Putin’s superciliousness is not an aberration, it is echoed by public opinion: a recent poll conducted by the Russian Levada Centre found that 49 percent of Russians view Ukraine in a ‘bad’ or ‘very bad’ way.
 
Ukrainians, according to a concomitant survey, have vastly diverging views; 91 percent perceive their Slavic cousins in a kind light. What is it that provokes indignation in Russians; what has Ukraine – a sovereign nation, free to conduct policy at home and abroad - done to beget such hostility? Jealousy?
Putin recently stoked the political fire by echoing the words of a famous Russian general, Anton Denikin “…no on should be allowed to interfere in relations between us; they have always been the business of Russia itself”.
 
Putin’s sortie into historiography garnered him the title “Vladimir the Historian” in a recent Kyiv Post editorial; yet history can be seen through many prisms; it can be read and, indeed, rewritten to pander to the interests of the historian. What does a different glance through a different prism have to tell us about the two countries?

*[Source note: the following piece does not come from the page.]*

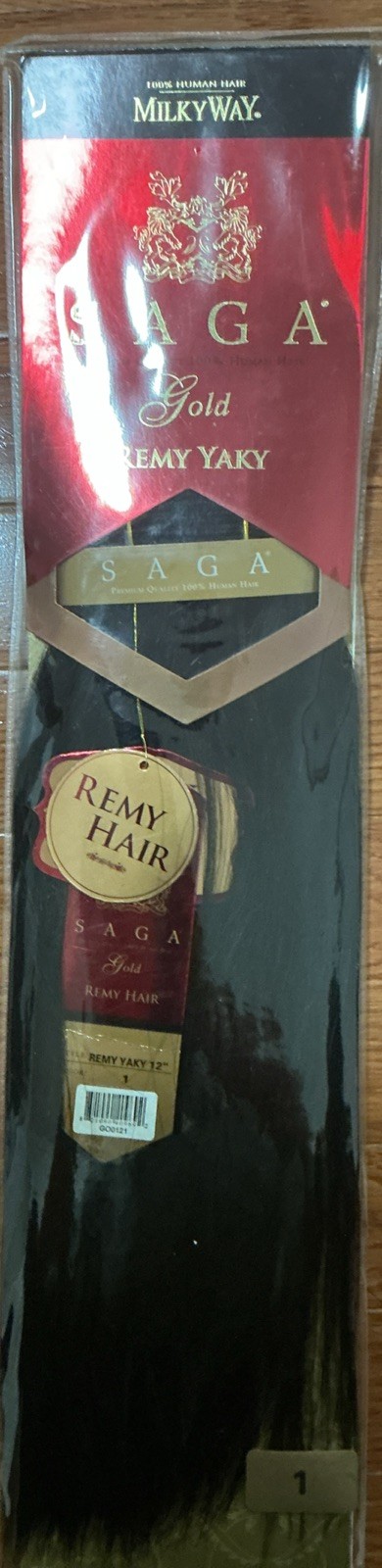 Saga remy yaky 12” color 1 premium quality 100% human hair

There have been many historical cataclysms in Ukraine and Russia. Both have endured great hardship. Yet, a country that more readily accepts history for what it is, ‘faces up to history’; tries to right passed wrongs and not just bury embarrassing skeletons, stands today as a greater beacon for good.
Russia’s stance in this respect is beguilingly bad.
 
Put Putin’s reading of history to bed, please: Russia to the day denigrates the Holodomor – the Stalin-induced famine which hued whole swathes of the Ukrainian population – as a “brazen [Ukrainian] attempt to falsify history".
 
The same state recently introduced a law forbidding the denial of national victory in the Great Fatherland War (World War II) – a ‘triumph’ that counted circa 27 million ‘victors’ dead. How can a ‘good’ country legislate this as a victory, further, how can you attempt to rehabilitate the leader that presided over the catastrophe: how dare Putin call Stalin ‘efficient’?

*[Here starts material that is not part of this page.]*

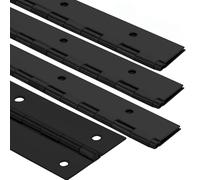 4Pack Heavy Duty Piano Hinge, 2" Open Width x 16" Continuous & Piano Hinges, 0.06” Thick Stainless Steel Piano Hinge with Holes, Black Stainless Furniture Hinges for Cabinet Door Cases Woodworking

Argument rages in Ukraine. History here is, understandably, a sensitive subject. Though most of the 8 million perished in World War II fell fighting for the hammer and sickle, a good number fell for the Fascists. The SS Galicia division comprised 20,000 Ukrainian volunteers who fought against the Communists.
 
Whether they patriotic martyrs or abject traitors is not the point: their existence is admitted, debated and hence the individual can make his own mind up – the lessons of the past can be learnt. A society that permits open discourse on the past is a society that looks to the future.
 
BACK THEN TO THE FUTURE
Back then to the future. “I believe you have no moral right to run in the presidential election” – Victor Baloha’s farewell swipe at Victor Yushenko, current President of Ukraine and the aforementioned’s former boss. The statement characterizes much of what is wrong with Ukrainian democracy: back-stabbers, cronies, partisans, robber-barons, self-seekers, truth-tweekers – in short, chaos.
 
But the statement has one redeeming feature: it could never appear in Russia. Just as the Orwellian ‘big brother’ kept a beady eye or two on minds that might dare speak up in defense of anything as seditious as a different point of view, so the Kremlin today gives short shrift to dissidents.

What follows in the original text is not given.